By Kurt Walters
Monday, January 9, 2012
After reaching the final year of its three-year trial period, the train line that connects Lynchburg through Charlottesville and Washington to the Northeast has gotten a new two-year lease on life.
Gov. Bob McDonnell’s recent state budget proposal includes a provision allowing the Commonwealth Transportation Board to use money intended for railway improvements to cover the operating costs of Virginia’s state-supported regional trains.
“I was worried [the McDonnell administration] would try to eliminate the train,” said Del. David J. Toscano, a Democrat who represents Charlottesville and parts of Albemarle County. “Ultimately I think they concluded that you do pilot programs for a reason, and if the pilot program is successful, you try to find a way to fund it.”
The route through Charlottesville has been recognized as an extraordinarily successful experiment, with ridership far exceeding Amtrak’s expectations and the train even turning a profit — rare for passenger rail.
“Ours is one of the few state-sponsored regional trains that is on the positive side of [breaking even],” said Meredith Richards, chairwoman of the Piedmont Rail Coalition. “It appears that for the Lynchburg train right now that not a lot [of state funding] will be needed.”

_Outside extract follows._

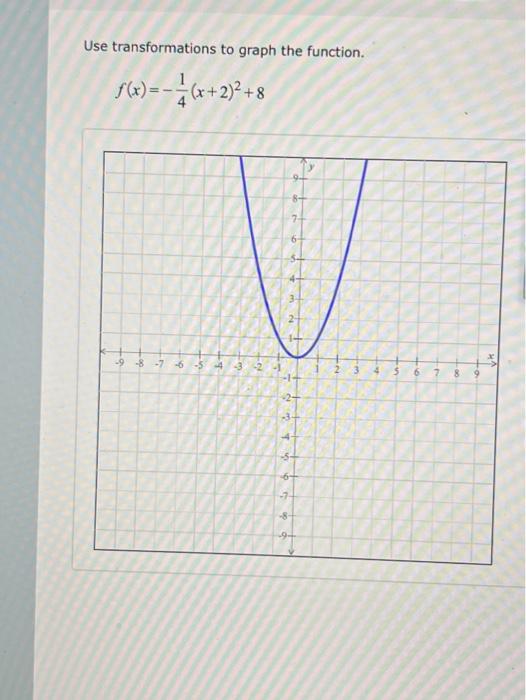 Solved Use transformations to graph the function. | Chegg.com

The other train affected, running from Richmond to Washington, requires much more funding support. Richards forecasted that this train is unlikely to break even until the route is extended to Norfolk.
The governor’s budget doesn’t actually allocate any additional money to the state’s rail system. Instead, it merely allows the CTB to delay small capital improvement projects in favor of keeping the trains running.
“It is a kick the can down the road solution, but it’s just fine for the next two years,” said Richards. “It gives us two years’ space to keep building up ridership.”
In those two years, though, the state’s rail funding will come under increasing strain. The federal government has moved to devolve the funding responsibility for regional trains onto the states. By the summer of 2013, Virginia will be responsible for four more regional train routes, which connect Newport News to the Northeast.
The state’s Rail Enhancement Fund is currently financed from a fee on rental vehicles, but Richards said that diverting money from this fund to cover operating costs is not sustainable.
“When you think about the scope of things … there’s no way the Rail Enhancement Fund will ultimately cover both the costs of capital improvement projects and operating our regional trains,” Richards said.
At rail advocates’ request, the General Assembly in 2010 created an Intercity Passenger Rail Operating and Capital Fund, but they did not provide it with a source of revenue.
Toscano and Richards said both legislators and advocates had worked hard to convince McDonnell to keep the trains’ operating costs in his proposed budget. Toscano mentioned a letter from legislators throughout the Lynchburg-to-DC rail corridor that he signed onto and Richards highlighted resolutions her group gathered from supportive localities and organizations, including one passed by the Albemarle County Board of Supervisors.
Toscano gave the biggest amount of credit to the trains’ ridership, citing high rates of usage as the reason the Lynchburg train is cost-effective. However, he cautioned against claiming victory until the General Assembly actually passes the budget.
“The governor proposes and the legislature disposes, so you never know till you get to the end of the project,” Toscano said.